Trevor Noah has come under much criticism for suggesting, in jest, that France owes its victory in that tournament to Africa. This on account of the high number of players of African descent in the French team.

I’d certainly like an African team to win the World Cup one day. But I’m not, like Noah and others on social media, one to claim the black French players for our continent.

I believe that the players in question have an inalienable right to choose which country to pledge their loyalty to - in the same way so many other Africans embrace Europe to escape poverty and the ruinous rule of their despots.

I think, too, that the matter of what those who choose to join this purportedly colourless Frenchhood is one best left to the assimilated and their assimilators. Period.

For all we know, the likes of Pogba, Mbappe, Dembele and Umtiti might, in fact, take serious offence at being associated with, or being claimed by Africa, which in many European circles is still being seen as “the dark continent”.

The backdrop to this is that, historically, French colonialism sought to assimilate its colonial subjects - so that they would aspire to be included in a supposedly superior culture, identity and nationhood.

Which comes as no surprise that to this day so many French-speaking African countries are tethered to the French apron strings through the CFA franc.

So, why was the French US ambassador so irked by Noah’s joke?

Could it be that the esteemed diplomat understood very well that, indeed, many a true word has been spoken in jest?

Could it have reminded him and those of his ilk about France’s complicated, sometimes shameful, relationship with Africa and with its erstwhile colonies more specifically? In the warm afterglow of the historic French victory in Moscow, being reminded of this historical relationship would understandably have come as an unwelcome wet blanket.

For that history tells us that France - like Britain, Portugal, Spain and others - was indeed once a colonial force on the continent.

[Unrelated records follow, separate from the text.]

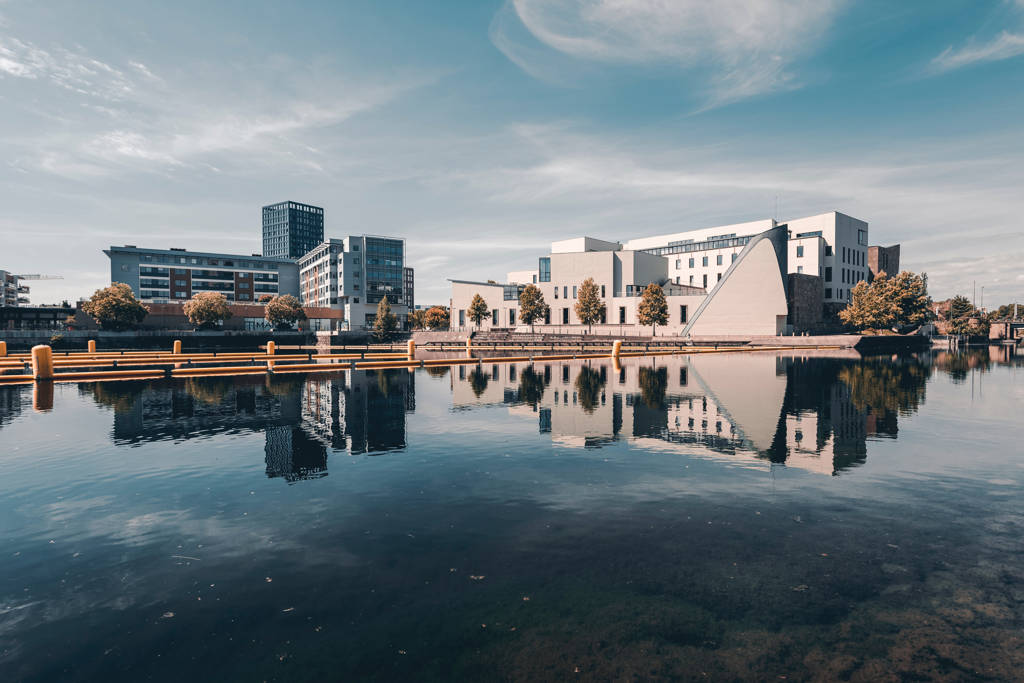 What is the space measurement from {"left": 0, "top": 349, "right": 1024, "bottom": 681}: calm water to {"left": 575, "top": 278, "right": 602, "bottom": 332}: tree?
89390 mm

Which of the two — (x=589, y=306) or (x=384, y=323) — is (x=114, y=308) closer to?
(x=384, y=323)

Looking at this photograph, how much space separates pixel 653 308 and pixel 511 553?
97.2 meters

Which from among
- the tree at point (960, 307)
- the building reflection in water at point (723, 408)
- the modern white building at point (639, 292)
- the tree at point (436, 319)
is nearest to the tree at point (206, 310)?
the tree at point (436, 319)

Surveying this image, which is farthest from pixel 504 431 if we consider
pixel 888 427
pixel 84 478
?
pixel 888 427

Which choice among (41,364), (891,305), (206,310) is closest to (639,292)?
(891,305)

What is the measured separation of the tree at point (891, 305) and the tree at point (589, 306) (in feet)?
149

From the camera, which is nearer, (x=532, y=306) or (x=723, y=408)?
(x=723, y=408)

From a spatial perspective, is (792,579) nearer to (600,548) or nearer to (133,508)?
(600,548)

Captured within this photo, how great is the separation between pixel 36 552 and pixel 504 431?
11.6 m

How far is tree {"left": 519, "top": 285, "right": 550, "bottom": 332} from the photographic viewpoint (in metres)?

It was a participant in the infamous Berlin Conference.

At that conference European powers agreed, like mob bosses divvying up drug territory, to claim much of Africa for themselves - riding roughshod over the wishes and rights of indigenous peoples.

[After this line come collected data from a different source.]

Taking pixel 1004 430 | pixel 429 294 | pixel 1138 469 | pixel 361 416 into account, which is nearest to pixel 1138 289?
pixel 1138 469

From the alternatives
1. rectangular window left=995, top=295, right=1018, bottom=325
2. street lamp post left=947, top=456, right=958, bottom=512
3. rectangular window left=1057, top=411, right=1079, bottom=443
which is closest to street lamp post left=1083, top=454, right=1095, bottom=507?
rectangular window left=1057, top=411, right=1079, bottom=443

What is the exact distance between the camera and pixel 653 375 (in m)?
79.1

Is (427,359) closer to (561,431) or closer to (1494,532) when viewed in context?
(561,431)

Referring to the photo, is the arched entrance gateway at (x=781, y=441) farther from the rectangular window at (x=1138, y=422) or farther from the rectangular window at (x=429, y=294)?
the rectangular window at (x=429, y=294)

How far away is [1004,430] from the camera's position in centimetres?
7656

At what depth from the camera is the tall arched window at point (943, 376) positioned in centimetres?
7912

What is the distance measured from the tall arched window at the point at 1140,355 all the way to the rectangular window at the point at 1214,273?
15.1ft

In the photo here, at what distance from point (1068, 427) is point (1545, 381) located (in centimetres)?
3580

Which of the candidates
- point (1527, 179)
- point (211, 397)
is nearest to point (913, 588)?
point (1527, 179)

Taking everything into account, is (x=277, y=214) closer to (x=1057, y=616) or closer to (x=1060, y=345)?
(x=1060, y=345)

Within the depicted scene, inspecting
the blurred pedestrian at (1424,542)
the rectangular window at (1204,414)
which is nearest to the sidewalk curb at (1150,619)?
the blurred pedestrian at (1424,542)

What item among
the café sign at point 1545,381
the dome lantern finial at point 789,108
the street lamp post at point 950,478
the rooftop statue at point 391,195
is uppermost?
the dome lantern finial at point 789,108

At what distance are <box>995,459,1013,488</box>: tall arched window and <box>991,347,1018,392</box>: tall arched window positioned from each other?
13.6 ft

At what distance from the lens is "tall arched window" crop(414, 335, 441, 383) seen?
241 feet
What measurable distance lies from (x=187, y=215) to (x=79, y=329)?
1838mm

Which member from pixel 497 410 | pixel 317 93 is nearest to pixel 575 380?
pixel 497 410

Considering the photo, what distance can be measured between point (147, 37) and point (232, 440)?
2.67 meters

That conference laid the ground for France to claim for itself large swathes of west and central Africa.

France was in the company of the Belgians (culpable in the assassination of Patrice Lumumba), the Italians (who tried and failed to colonise Ethiopia), the British (who betrayed black people in South Africa).

As well the Germans, who committed genocide in Namibia.

And with the loss of political independence came the looting of natural resources and cultural artefacts, which, in the latter’s case the French government has pledged to return.

In defence of his country, the French representative in the US waxed lyrical about his country’s multiculturalism and the deemed colourlessness of being French.

He complained that Noah’s assertion “even in jest, legitimises the ideology that claims whiteness as the only definition of being French” - adding that, “France does not refer to their citizens based on their race, religion or origin”.

But the truth remains that France owes the substantial presence of black people within its borders to colonialism - just as America has slavery to thank for its large African American population.

The French ambassador’s argument is problematic on two counts.

One is that, if it prevailed, it would have the effect of historically decoupling citizens of African descent from their African roots.

Flowing from that it would have the effect of erasing or concealing France’s complicity in colonialism - with all its shamefulness.

Even the protestation of France being a non-racial, religiously tolerant society would not be a basis to deny the existence of racism in France - which would be unique in all of Europe and much of the world in this day and age.

All said, those who took Noah to task, and who deny the pernicious effects of colonialism, may want to revisit the words of the poet and intellectual Aime Cesaire.

“No one”, he said, “colonises innocently (and) no one colonises with impunity either.”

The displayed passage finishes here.